やがて、なじみのバーのママ(小泉)宅にまで転がりこんで、
みんなで疑似家族まで演じてしまう。なんてふざけた内容
だと思いながらもふと、彼らの表情を目で追ってしまった。
気付くとこの不思議な世界観は、三浦友和とオダジョーを
本当の親子のように温かく包んで見せることに成功している。
すごいぞ!三木聡!ちょっとばかり感動も出来ちゃうのだ。
岩松了&ふせえり&松重豊の三バカトリオも楽しいけど、
意外に彼らがいちばん核心に近いところに迫るから笑える。
いやしかし、彼らのつむじの匂いは嗅ぎたくないなぁ~。
(崖、ってどういう…^^;)
(やっぱり時計は正確じゃないとね^^;デザートには愛玉子!(^^)!)
“ゆるゆる”だけではない、哀愁漂う一品
「時効警察」の三木監督が、藤田宜永の原作を換骨奪胎して作り上げた本作は、ゆるネタ中心で構成されていたこれまでの作品と少し毛色が違う、どことなく哀愁漂うロードムービー。
原作はストリッパーの元恋人に恋い焦がれる主人公が、再び彼女を求めんと逡巡し、借金取りの福原とともに東京を彷徨う様を丁寧に描いているが、映画では主人公の元恋人に関するエピソードはバッサリとカットされ、三木監督お得意のゆるネタと東京の街を彷徨う男2人のドラマが絶妙のバランスで積み上げられた一品に仕上がっている。おそらく三木監督が、これだけ“物語る”ことを意識した作品は初めてなんじゃないだろうか? 今度、三木監督がどんな作品を作るか楽しみだ。
また、消えゆく東京の町並みを捉えた風景もまた魅力。映画を観ると、東京の街を散歩したくなること請け合いだ。
キャスティング最高!!!
ユルユル感と、放りっぱなしの感じが三木ワールドの特徴でOKでした。小ネタ満載!笑った笑った♪
じゃれながら「親父~」を連呼してる二人がすごく好き。ラストの二人が反対向きに歩く姿も凄く好きだけどなんだか寂しい。たくさん笑ったはずなのに、後に残ったのは温かさと切なさでした。
三浦友和がすばらしい(あと石原良純も)
三木監督の前作「図鑑に載ってない虫」は個人的にそんな面白くないと思ってたけど、今回は笑いあり、切なさありの素晴らしい作品!その笑いと切なさの両方をうまいこと出してるのが三浦友和扮する福原で、「カレー」があんなに泣ける展開を持ってくるとは思わなんだ。

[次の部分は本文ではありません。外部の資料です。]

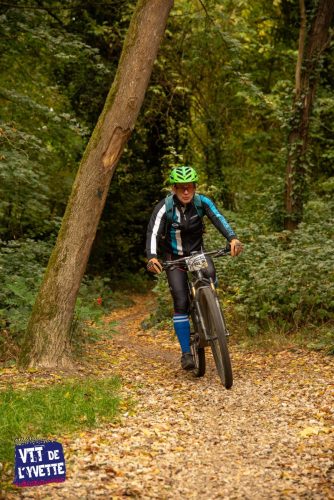 DE-LYVETTE-A-LORGE-25-606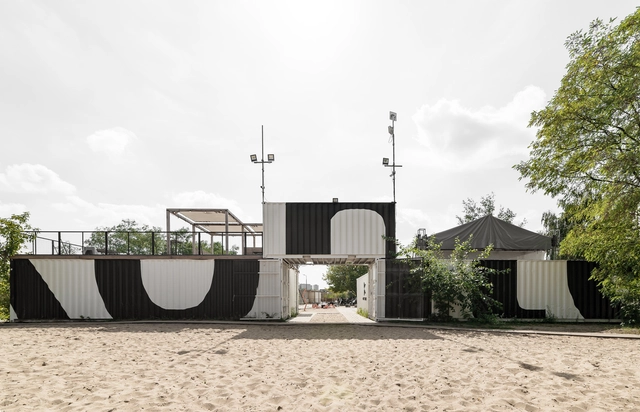 Kontenerart 19 Cultural & Recreational Space  / wiercinski-studio - Exterior Photography, Temporary Installations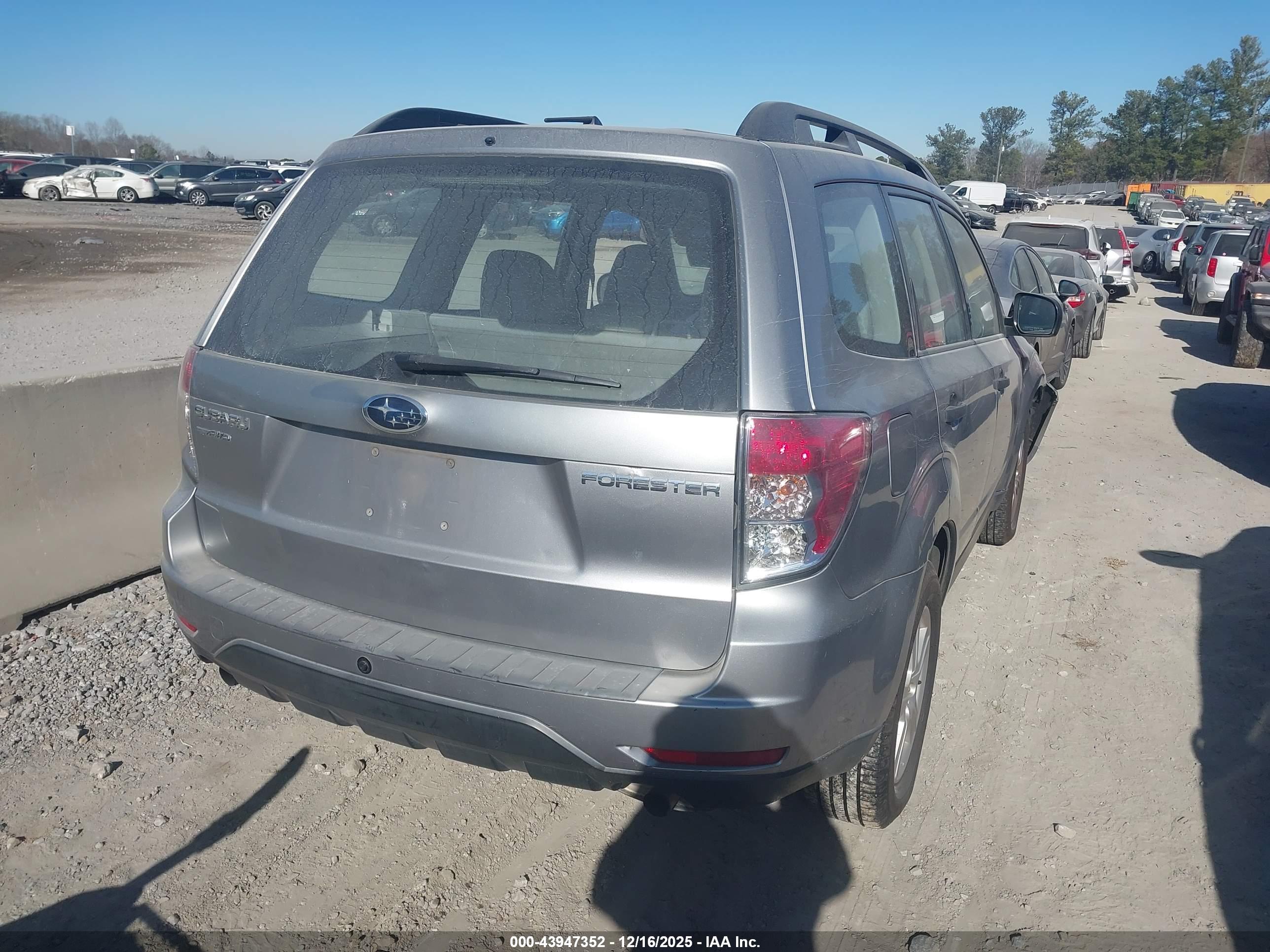 SUBARU FORESTER image 4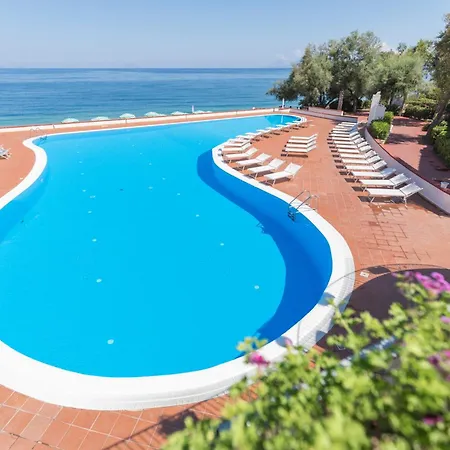 Tatil parkı Th Gioiosa Mare - Capo Calava Village 3*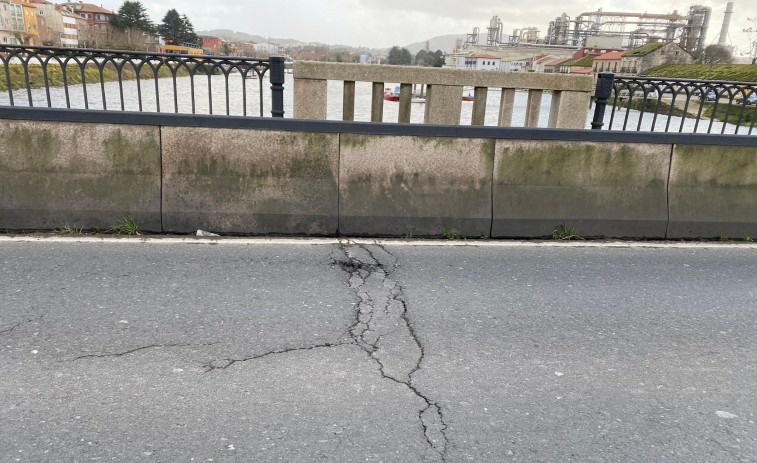 Apatrigal denuncia el mal estado del puente que une Cesures con Padrón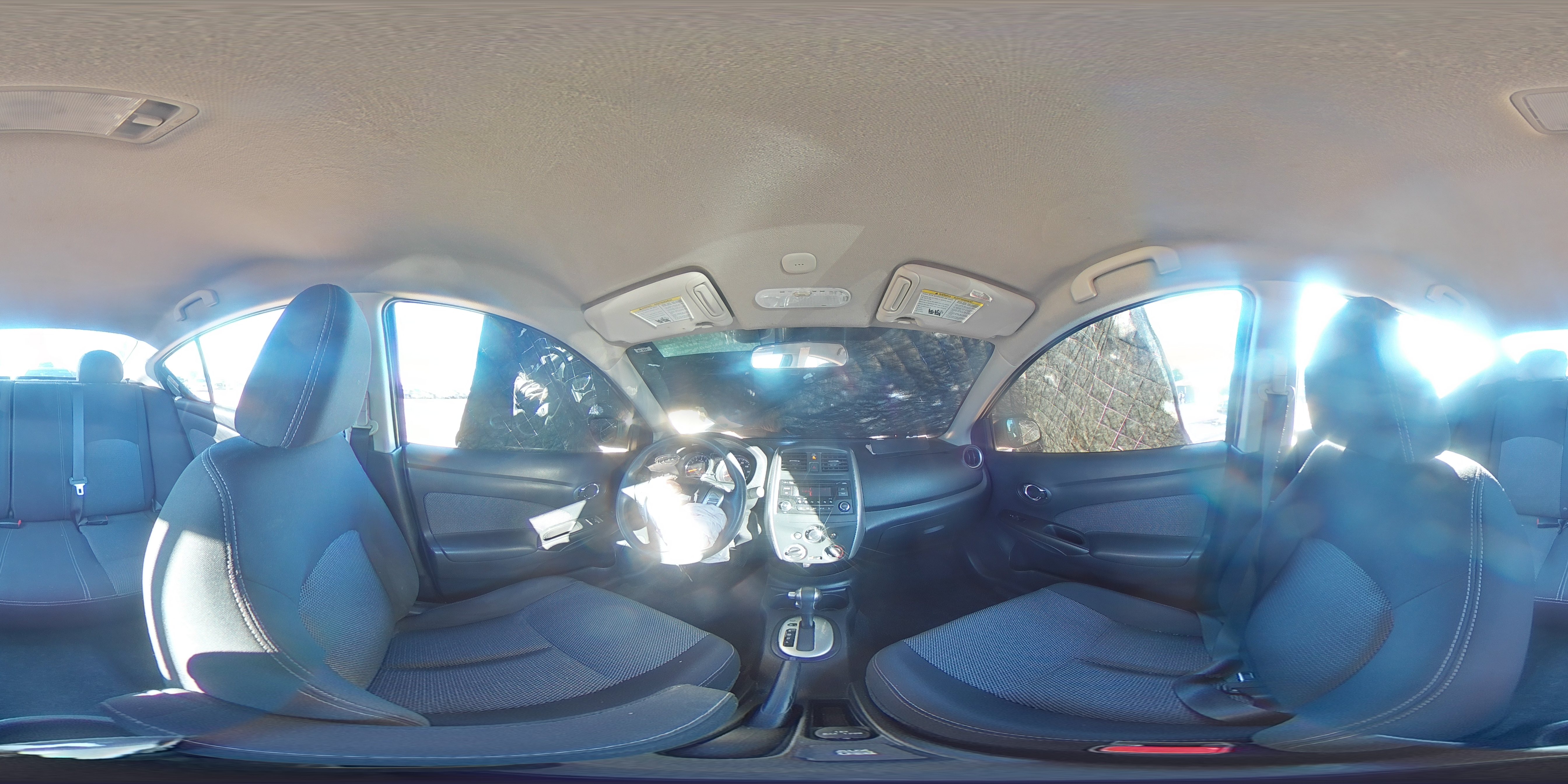 2016 Nissan Versa - Image 13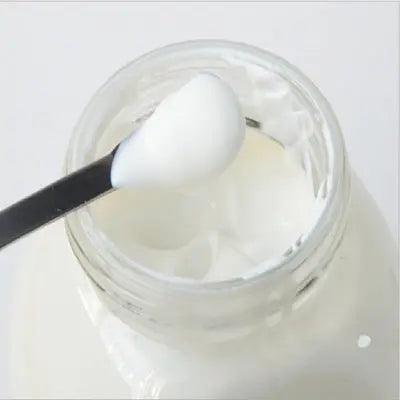 V7 Whitening Cream: Blemish & Moisturizing Lotion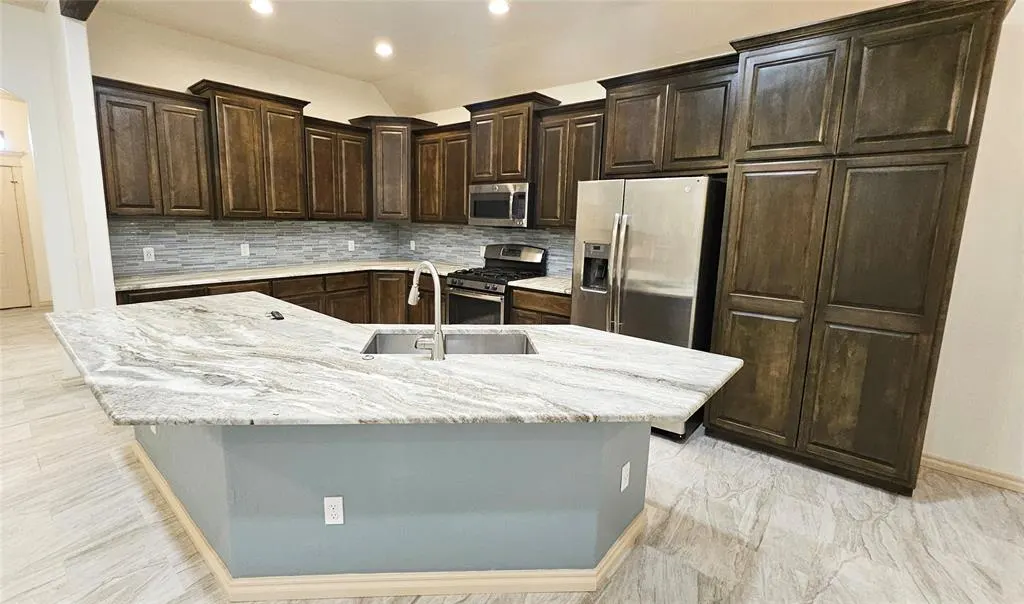 Photo 10 — 1801 Savannah Lane, Edmond, OK 73003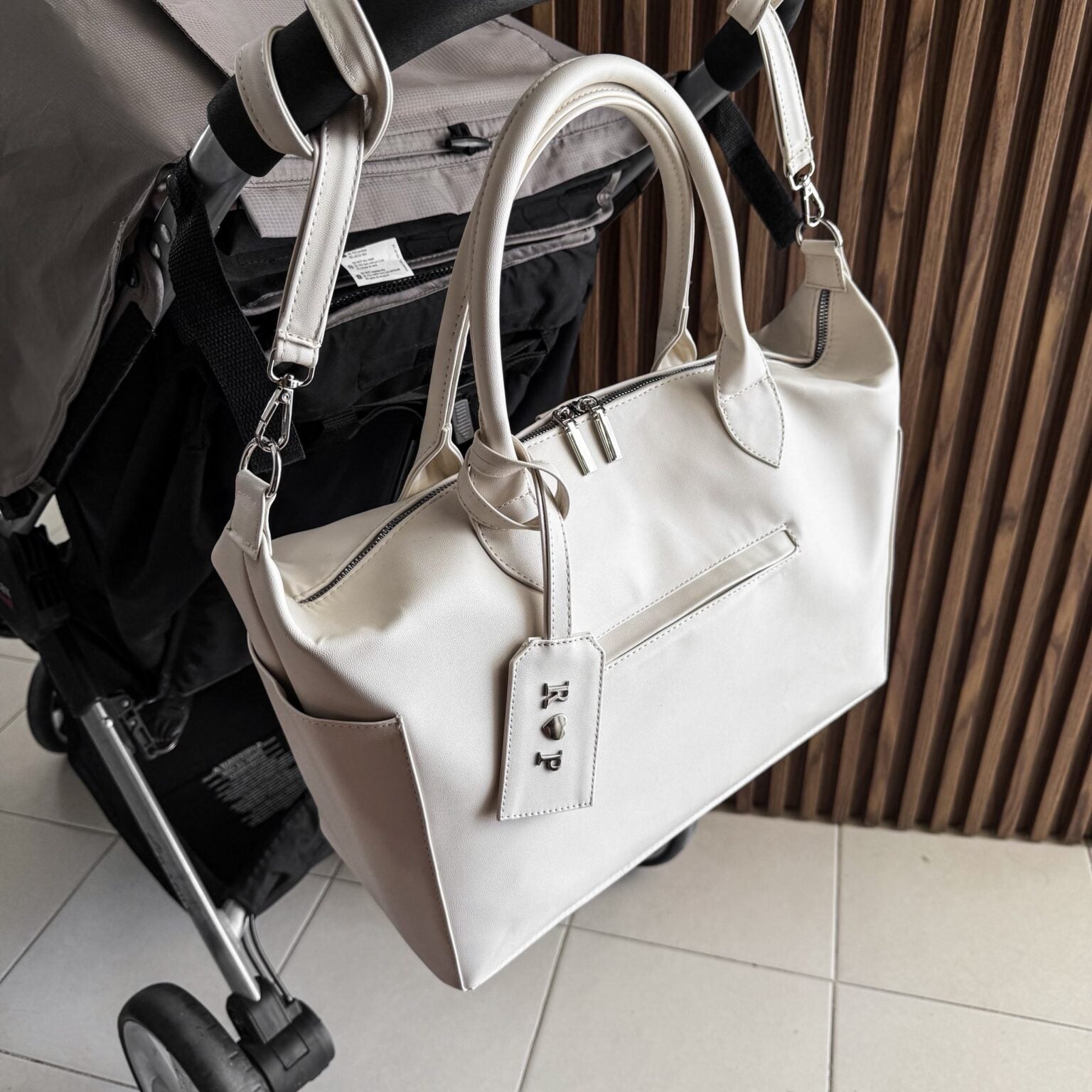 Pañalera Baby Bag Ice Herraje plata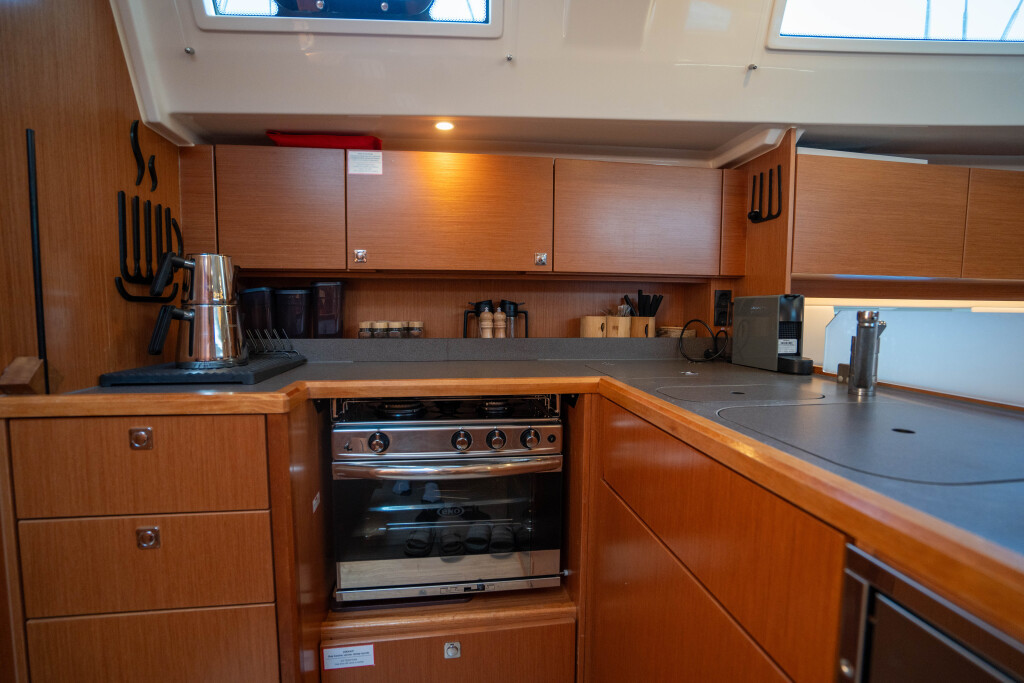 Yacht BAVARIA - C45 Style "Mina 52"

オダギリジョーは変な髪形だったけどいつ見てもカッコイイ。カッコイイからだらしなくてどこか影のある文哉役もハマッてた。あ、「時効警察」好きとしては、一瞬だけ出てくるあの人のシーンも嬉しかった!
それにしても岸部一徳はよくあんな役で出演したよなぁ。あと石原良純もスゴイ。いいのかあれで。岩松了、ふせえり、松重豊のくだりは三木ファンじゃないと退屈になりそうだけど、「崖の臭い」ってどんな臭いなのか気になった。